** Opening Task input block **

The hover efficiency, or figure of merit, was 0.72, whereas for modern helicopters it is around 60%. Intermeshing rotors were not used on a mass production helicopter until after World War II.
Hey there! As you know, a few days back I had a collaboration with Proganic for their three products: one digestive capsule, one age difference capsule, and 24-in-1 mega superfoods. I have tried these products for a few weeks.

** Closing Task input block **
** Opening Task input block **

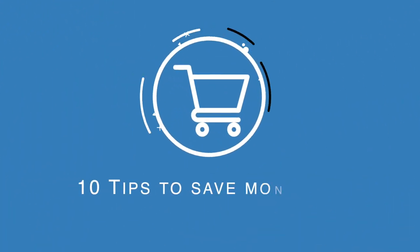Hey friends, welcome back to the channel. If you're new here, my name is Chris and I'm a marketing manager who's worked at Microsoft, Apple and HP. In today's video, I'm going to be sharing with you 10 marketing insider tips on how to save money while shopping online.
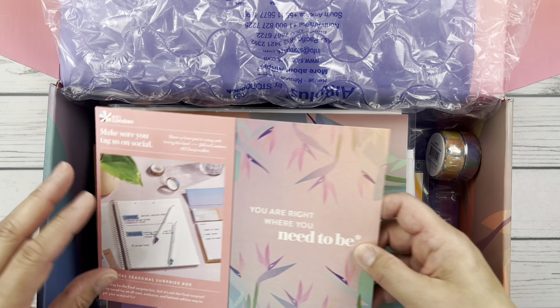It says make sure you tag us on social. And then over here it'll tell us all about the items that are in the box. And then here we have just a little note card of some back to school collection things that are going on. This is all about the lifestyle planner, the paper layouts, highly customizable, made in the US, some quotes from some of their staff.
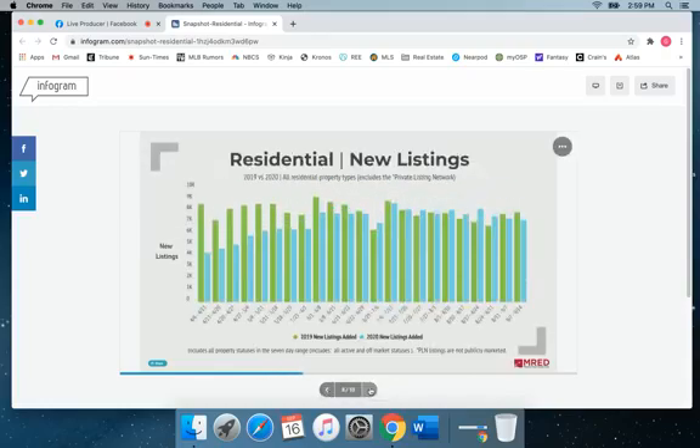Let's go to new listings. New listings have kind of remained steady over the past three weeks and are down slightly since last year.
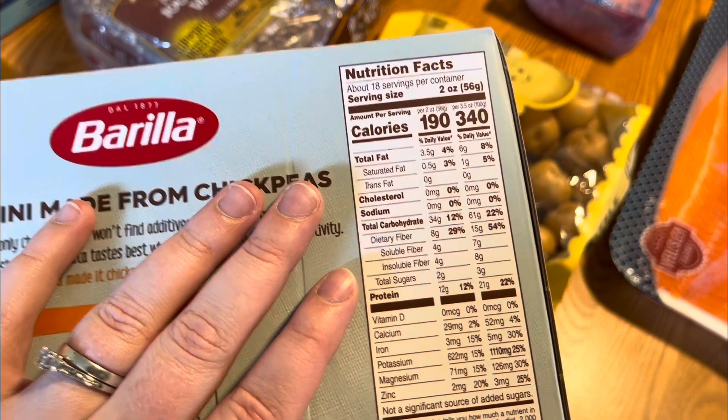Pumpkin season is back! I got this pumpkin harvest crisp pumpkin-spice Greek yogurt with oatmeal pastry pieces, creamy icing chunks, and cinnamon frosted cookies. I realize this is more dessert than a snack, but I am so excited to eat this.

** Closing Task input block **

Your instructions
For this exercise, please output exactly the lines above starting at the line with "The hover efficiency, or" and ending at the line with "Hey there! As", ends included.

Output
The hover efficiency, or figure of merit, was 0.72, whereas for modern helicopters it is around 60%. Intermeshing rotors were not used on a mass production helicopter until after World War II.
Hey there! As you know, a few days back I had a collaboration with Proganic for their three products: one digestive capsule, one age difference capsule, and 24-in-1 mega superfoods. I have tried these products for a few weeks.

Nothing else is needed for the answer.